Remar, pasear en bote. (por Patricia F.)
Si hay una actividad deportiva que me gusta, desde que era chica, es el remo, tanto o más que andar en bicicleta, para mí realmente no es deporte, es placer.
Cuando era niña aprendí a remar con mi mamá y mi tía, en cambio, mi papá me entregaba el timón de la “Golondrina”, la lancha con cabina que él mismo construyó (ya les contaré sobre ella).
Vivíamos en una zona ribereña de la Provincia de Buenos Aires, frente al canal Sarandí, cuya desembocadura era en el Río de La Plata.

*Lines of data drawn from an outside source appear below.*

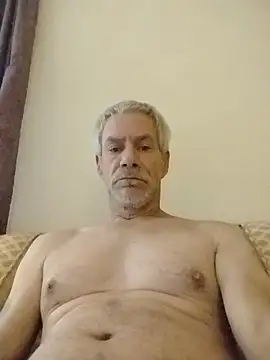 Biknight online show from 02-26-26, 02:05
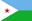 Djibouti download.png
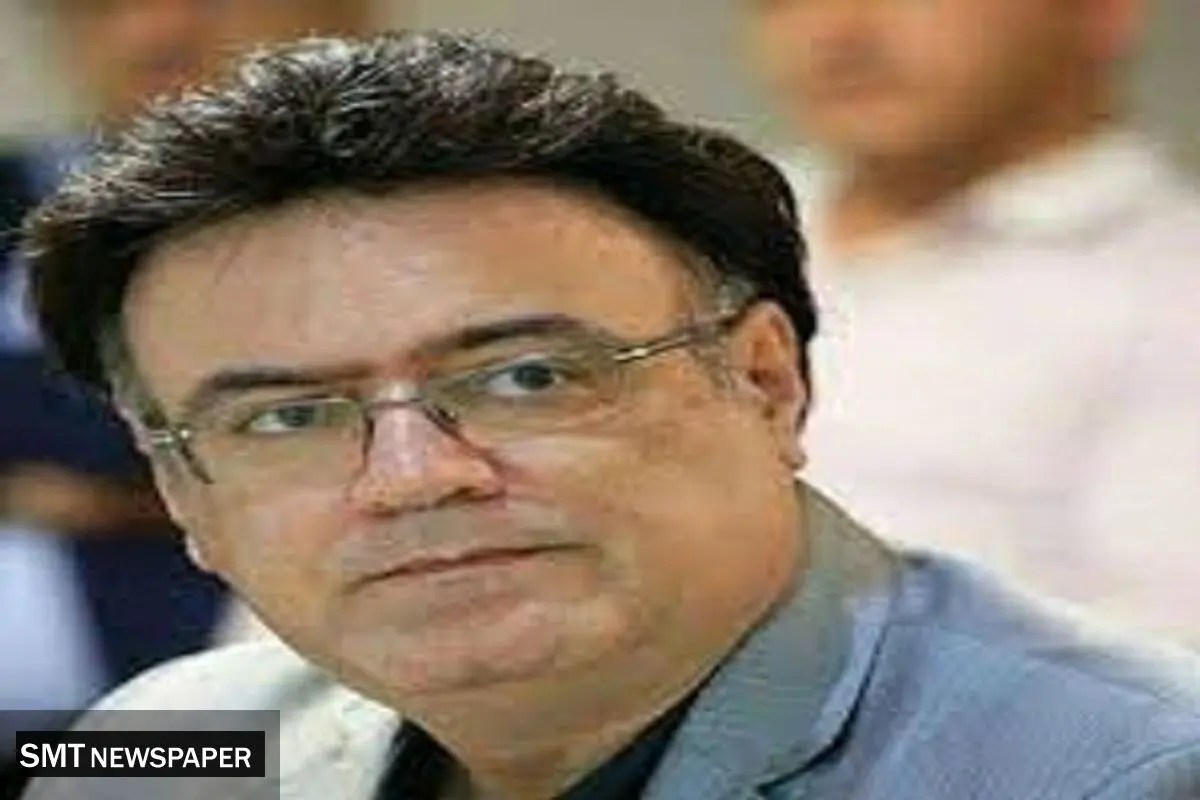مشارکت  برد ـ برد دولت و پتروشیمی‌ها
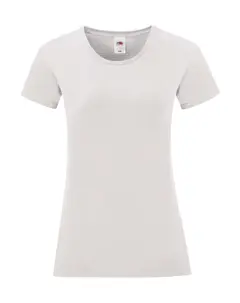 Bild på Ladies' Iconic 150 T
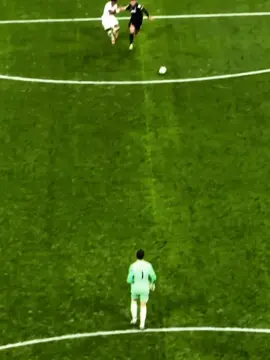 what a seve courtois 🤍❤️#rodrygo #realmadrid #somalitiktok #foryoupage❤️❤️ #halamadrid 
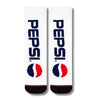 Pepsi Classic Logo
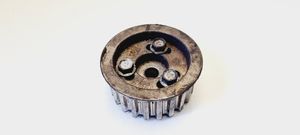 Renault Master II Camshaft pulley/ VANOS 109067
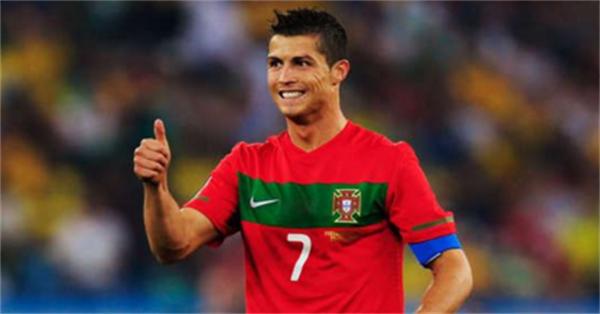 葡萄牙vs法罗群岛比赛,乌龟法国vs葡萄牙预测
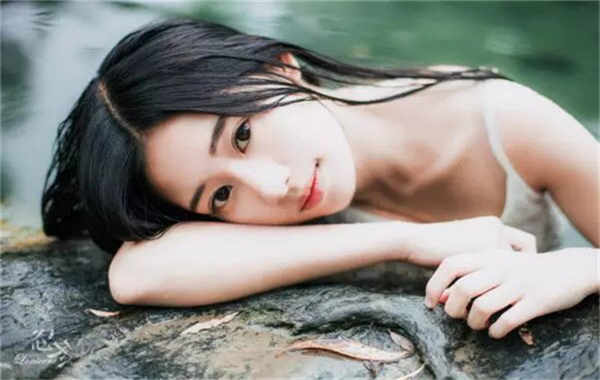 南宫怀孕后验血多久可以知道男女(怀孕后多久可以验血检查出来)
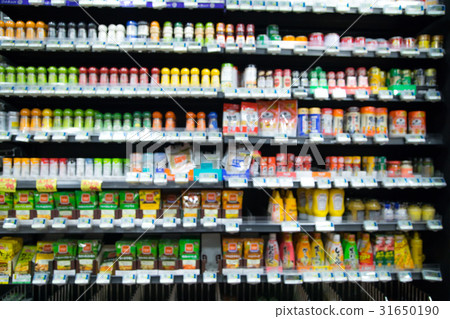 Spice pepper supermarket, supermarket, foodstuff department, shop, department store 31650190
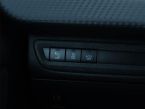 Peugeot 2008 - fotka číslo 15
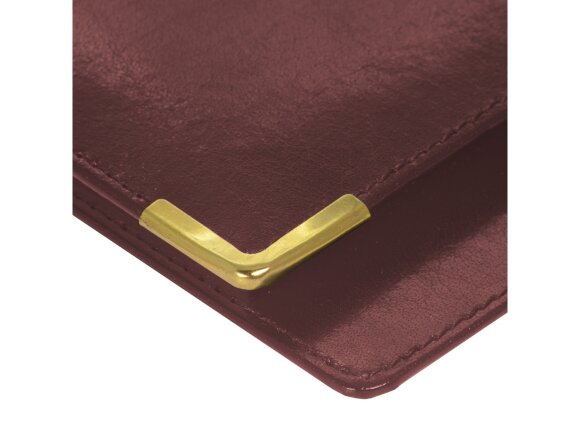 Планинг гр. Persona (коричневый) Планинг гр. Persona (коричневый)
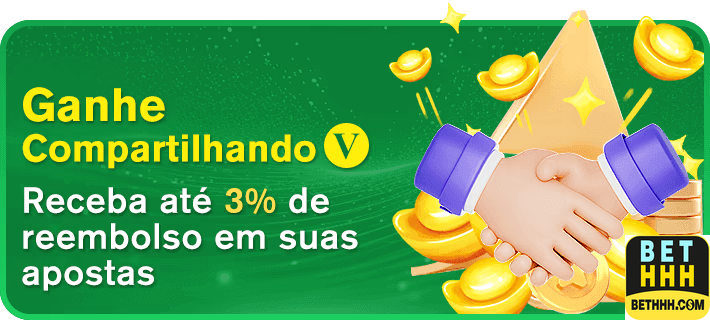 bethhh.com desfrute de profissional jogo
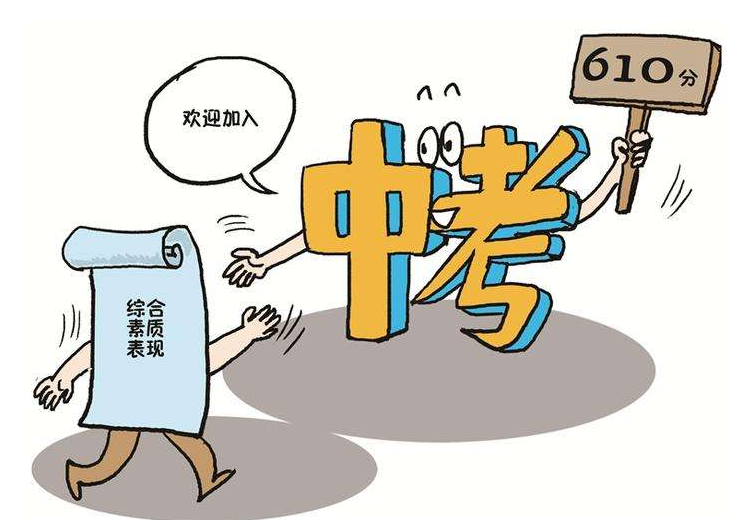 中考輔導哪個機構好？選擇中考輔導有什么注意事項？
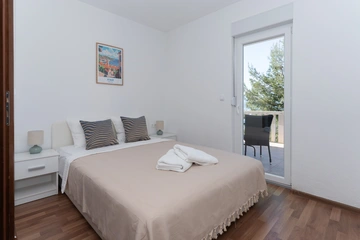 Čelina Apartment with Pool and Barbecue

Casi todos los vecinos teníamos un bote porque cuando había sudestada, el río crecía de forma incesante, a una gran velocidad, se notaba por como llevaba los camalotes; la única forma de salir si había una emergencia en esas circunstancias, era precisamente con esa forma de transporte.
Qué placer en las soleadas tardes de verano subir a esa pequeña embarcación de madera y salir a remar, ir mirando los sauces llorones en las orillas, con sus largas cabelleras cubiertas de hojas llegando hasta el agua, pasar debajo del puente y de las pasarelas, llegar hasta la playa que se formaba en la desembocadura del canal.
Siempre había algún vecino agitando su mano en forma de saludo.
Cuando los primos venían a visitarnos, nos encantaba llevarlos a pasear y nos divertía mucho ver como ellos intentaban guiar en forma recta el bote, pero solo lograban hacer círculos en el mismo lugar o avanzaban zigzagueando como las serpientes, nos provocaba mucha risa, yo me sentía superior porque era más pequeña en edad que ellos y remaba mejor; hoy al recordarlo se me escapa una sonrisa, cuánta inocencia y felicidad en esas pequeñas cosas.
Hermosas épocas, bellos recuerdos.
Ahora en cuanto tengo la oportunidad lo hago, hasta en kayak, pero lo que más me gusta son los dos remos parejos, aunque sea más pesado, simplemente es disfrutar.